■ WHAT THE TASK ASKS: Please reproduce the lines from the one containing "Diamond Slice and" through the end of the data below exactly as they stand, and omit all pictures.

■ GIVEN INFORMATION:

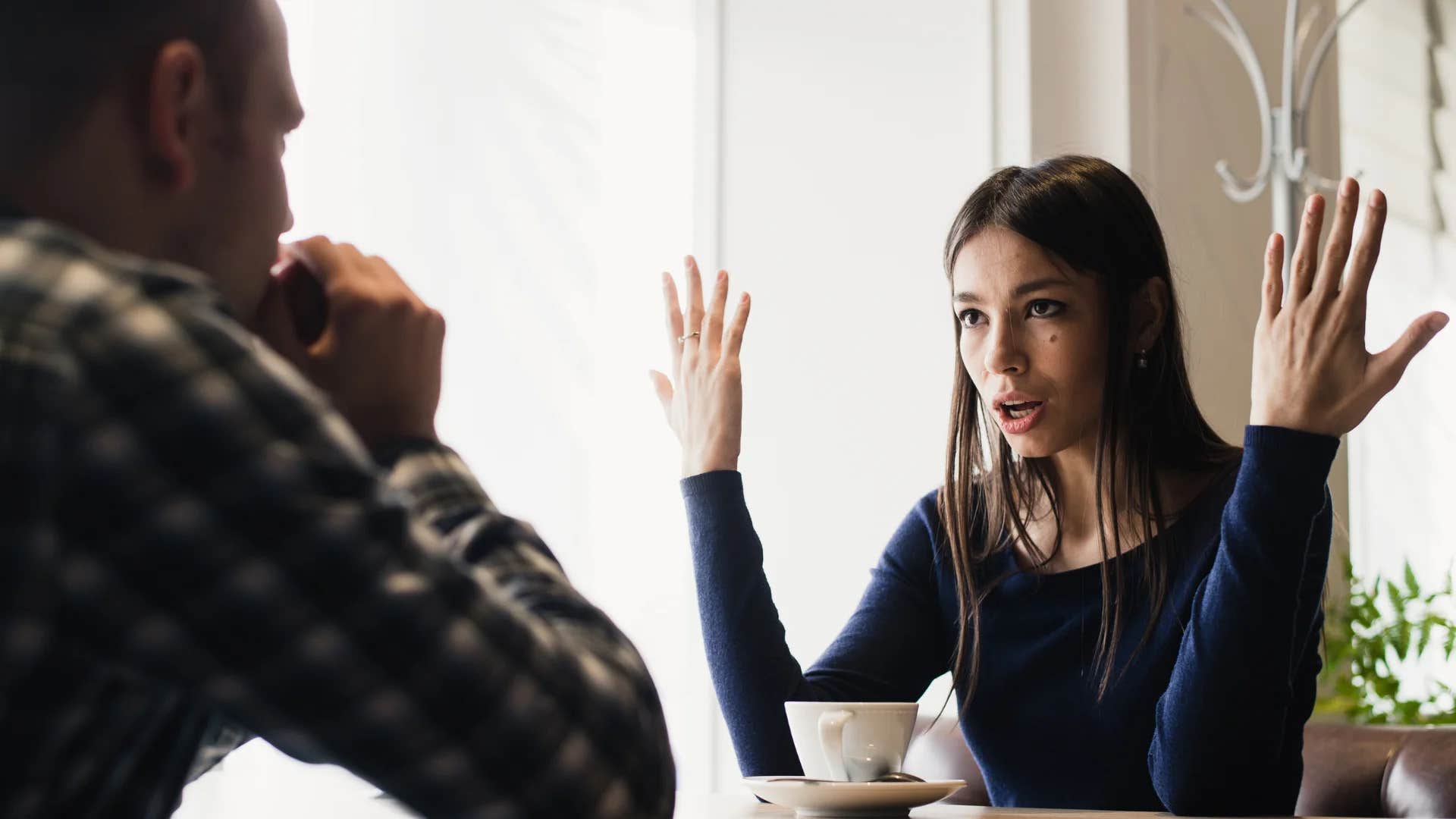 woman telling man it's just a joke relax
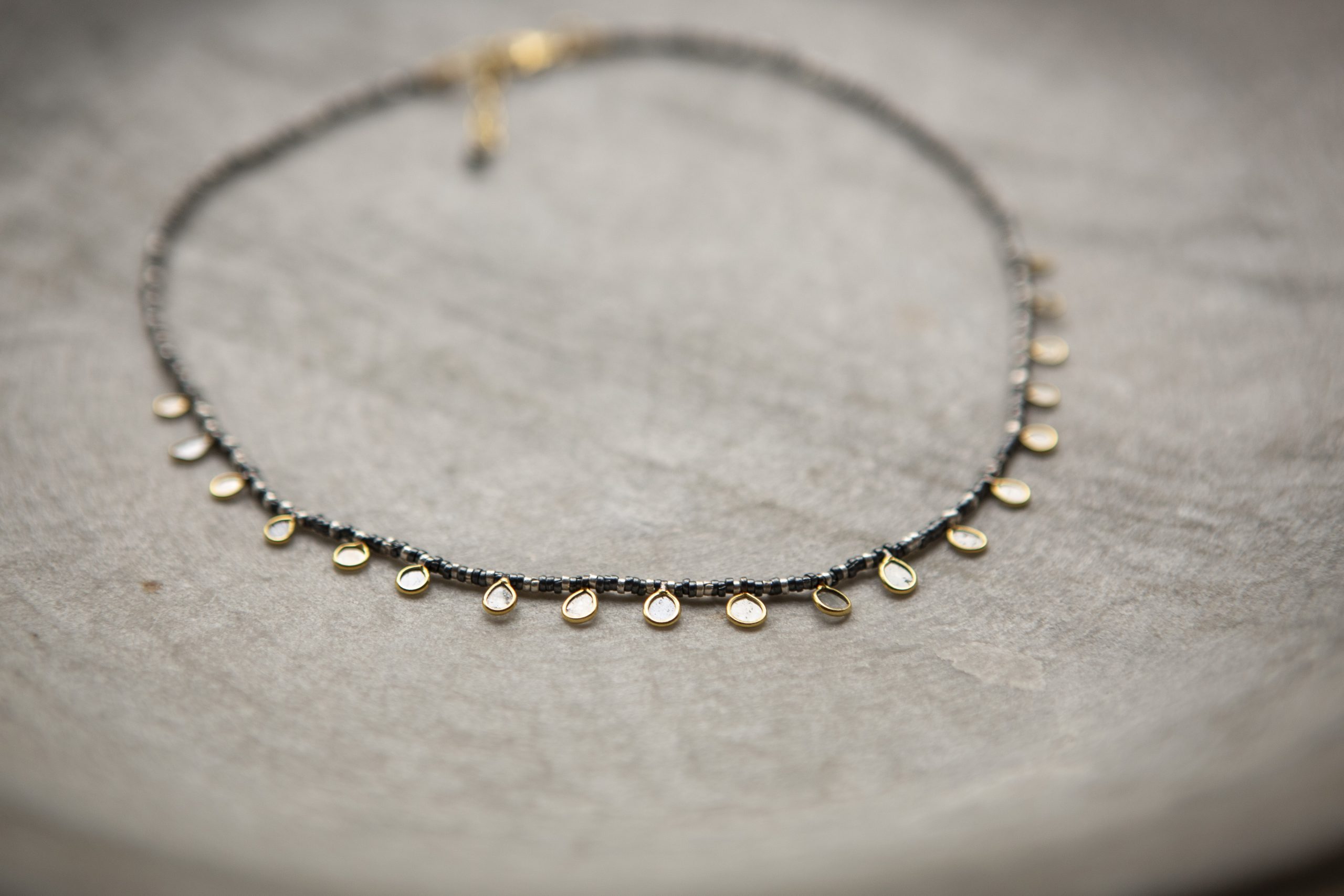 Diamond Slice and oxidised silver necklace - Image 3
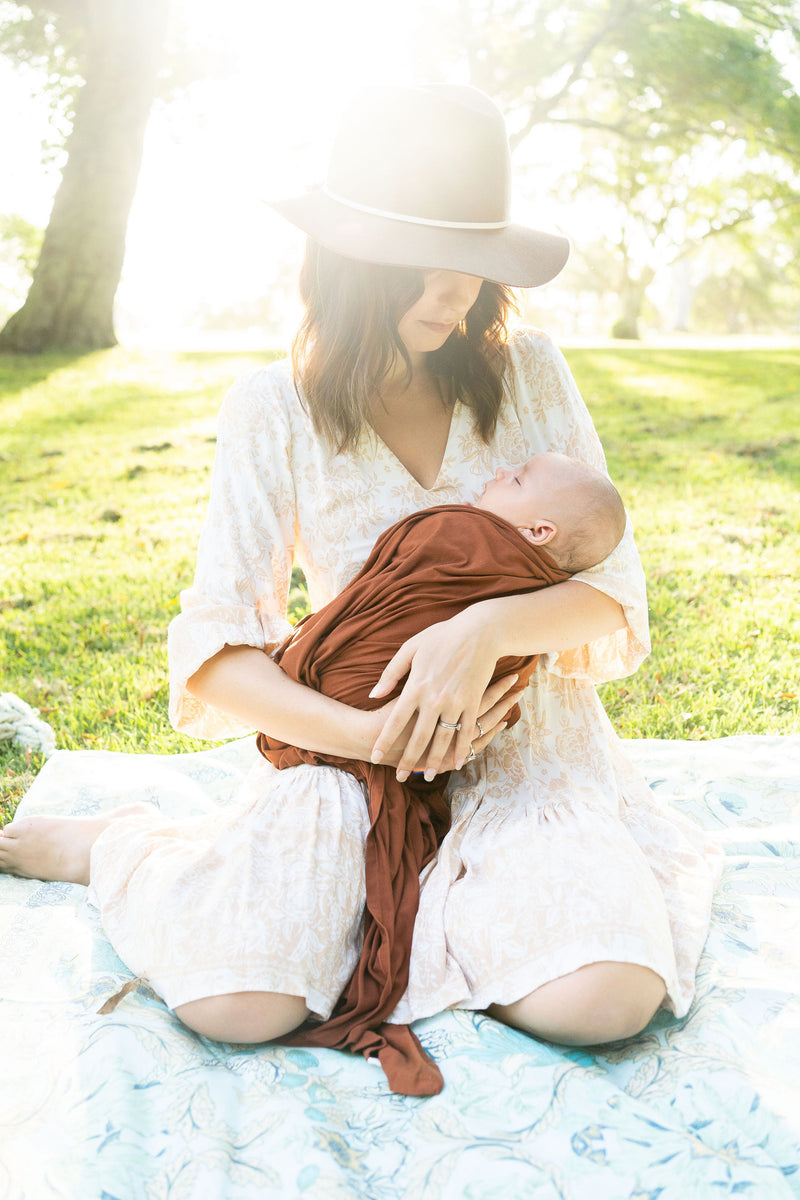 Bamboo Swaddle Blanket in Rust by essentially bub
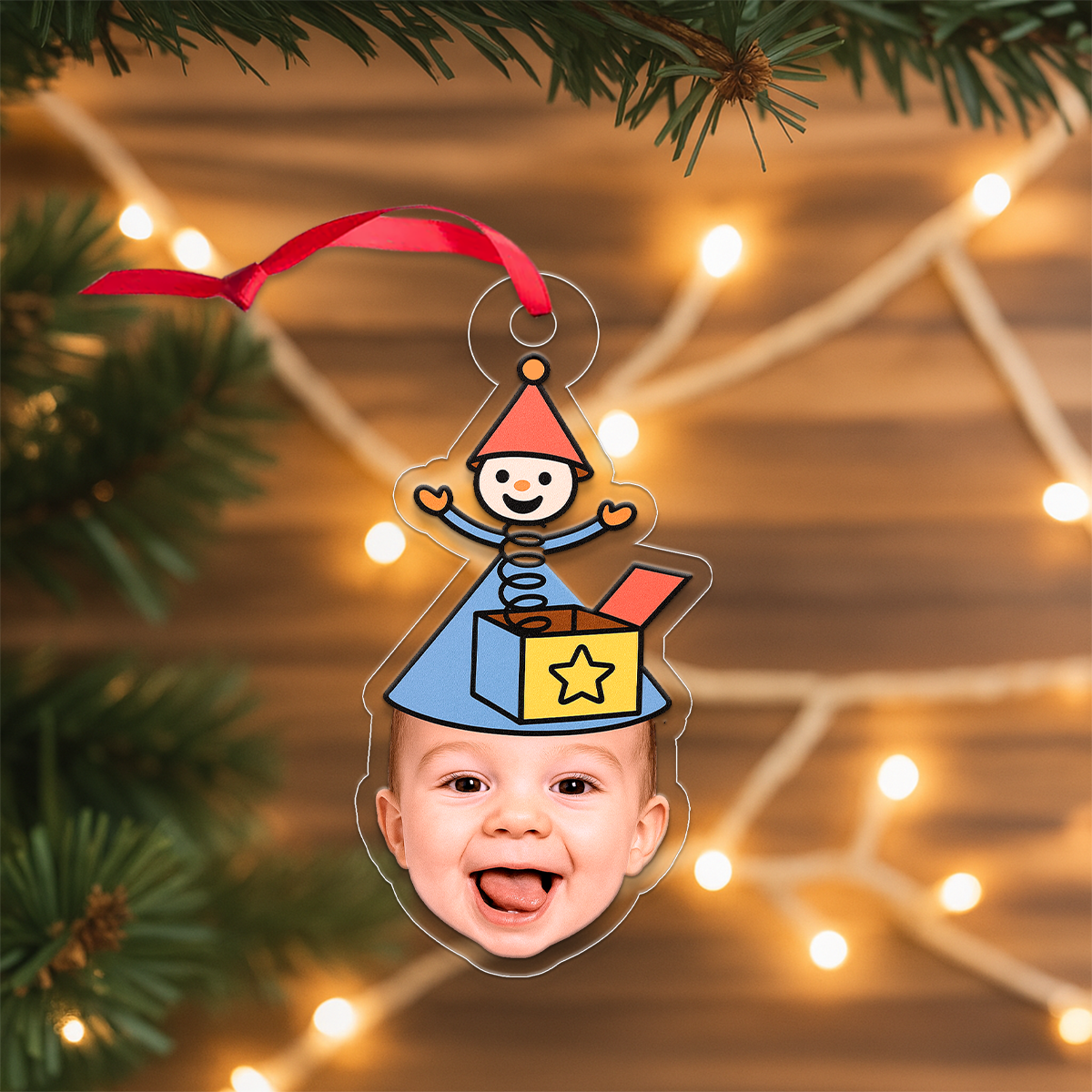 Custom Photo Baby with Funny Hat Ornament, Personalized Baby Christmas Ornament, Cute Holiday Decoration, Family Keepsake Gift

■ EXERCISE OUTPUT:
 Diamond Slice and oxidised silver necklace - Image 3
 Bamboo Swaddle Blanket in Rust by essentially bub
 Custom Photo Baby with Funny Hat Ornament, Personalized Baby Christmas Ornament, Cute Holiday Decoration, Family Keepsake Gift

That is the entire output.